Will returns to the Holcombe farm. He spends the day with Bobby and a group of volunteers, searching the river for any sign of Holland. Since it rained the night before, Bobby judges that Holland’s body would have resurfaced if he was in the river. Will goes to the house and finds Billy in the shed, making a crib. As he watches Billy, Will realizes that his confrontation with Travis that morning showed him that he made an irrevocable choice by leaving Jocassee. He knows that he will not feel the same loss as Travis or Billy when Carolina Power forces them to leave. Will tells Billy that he got away with the murder, then leaves.

Part 1 Analysis

This section of the novel is paradoxically the most and least detailed, for it introduces the setting and history of the Jocassee Valley and the framework of the investigation, but Will operates purely on suspicion and instinct and is ultimately forced to leave the mystery unsolved despite his conviction that Billy is indeed a murderer. Thus, Rash sets the stage for The Impact of Secrets on Human Behavior to unfold as the subsequent sections of the novel highlight the perspectives of the other participants in the drama. Significantly, this early part of the narrative also spends considerable time establishing the Cultural Connections to the Land, for Jocassee is the valley that Will Alexander grew up in but left when he married Janice. Will connects the word “Jocassee,” meaning “valley of the lost” (10), with his pervasive feelings of remorse and listlessness. The name of the valley also foreshadows the ending of the novel and the ominous significance of water to the broader narrative. Although water can signify cleansing, Will views it as a symbol of suffocation and erasure, especially in light of Carolina Power’s intention to fill the valley and turn it into a reservoir. Although Carolina Power sees the valley as an acquisition and a step towards progress, Will understands the significance of the land to the farmers because of their shared history. Will’s partial Cherokee heritage also gives him a unique perspective that differs from the other narrators because he views the land through the complexities of racial dynamics and past injustices. Although Will feels empathy for the white farmers who will lose their land, Carolina Power’s desire to fill the valley represents yet another example of the deeper history of colonization, which has historically displaced many Indigenous Americans from their land. Will’s preoccupation with the Cherokee princess Jocassee therefore reveals his deeper fears that the erasure of the valley will force the country one step closer to erasing the history of the Cherokee people entirely.

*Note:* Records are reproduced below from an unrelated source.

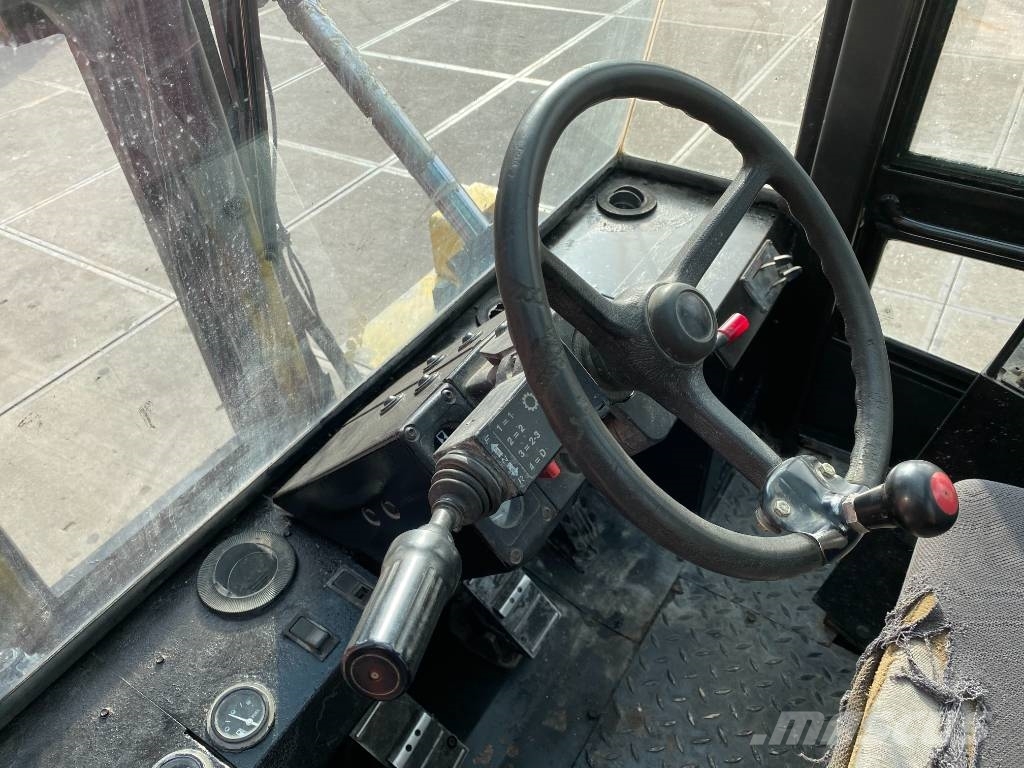 Hyster H16.00XM-QD Diesel forklifts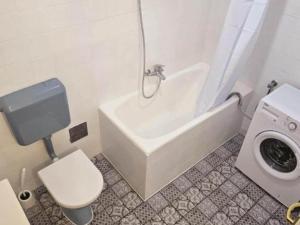 George Central Apartment - Two Bedroom Apartment with Park View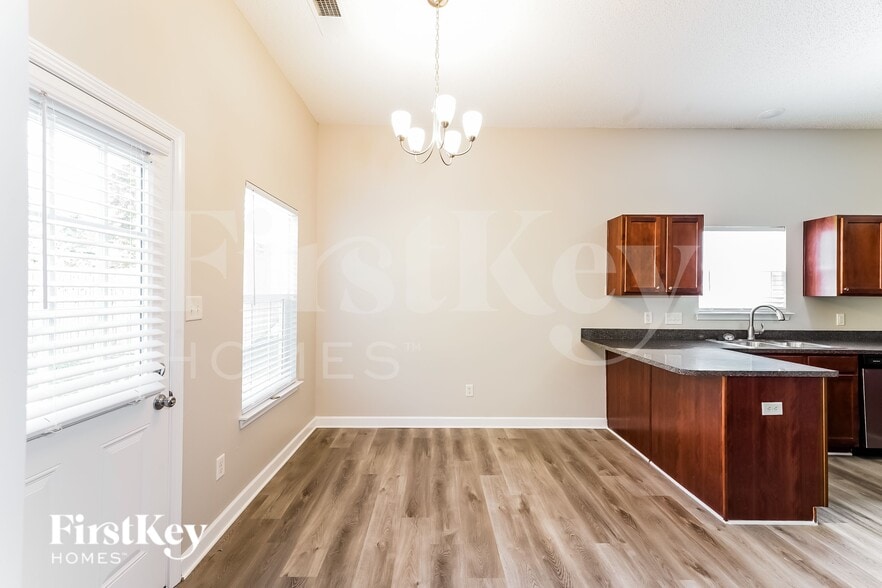 Building Photo - 2415 Damascus Dr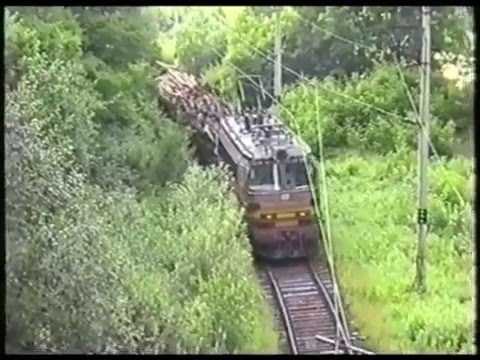 Provoz vlaků na trati č.225 - nadjezd u Velkého Ratmírova v létě 1998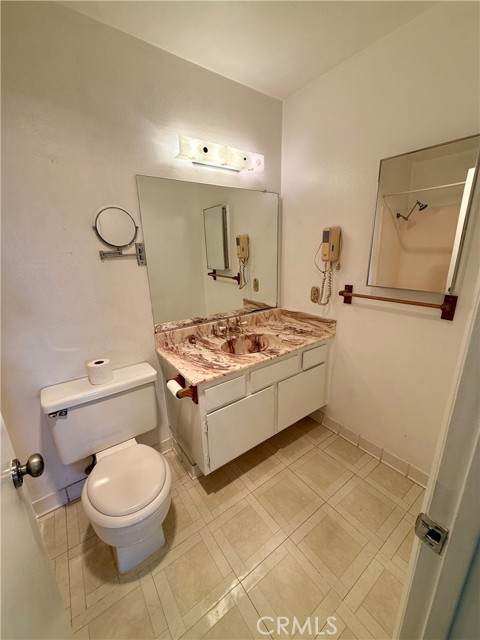 Detail Gallery Image 24 of 31 For 4727 W 147th St #202,  Lawndale,  CA 90260 - 2 Beds | 2 Baths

This section further develops the theme of The Impact of Secrets on Human Behavior by examining the myriad ways in which secrets can either unite or destroy people. As Will investigates Holland’s disappearance and probable murder, he connects his suspicion of Billy’s secrets with his own past. Will’s introspection reveals the complexities of his marriage and how his relationship with Janice changed after her miscarriage. These contemplations imply that Will understands the many ways in which trauma connects people, which is why he believes that Amy is lying to protect Billy. Even though Will’s marriage with Janice completely falls apart, he stays with her because he finds comfort in the knowledge that they share the same pain. This understanding of personal trauma guides Will’s investigation as he interviews Amy and Billy, and his suspicions about Amy and Billy’s connection foreshadows the fact that Holland’s murder unites them, even when they must eventually face their own deaths.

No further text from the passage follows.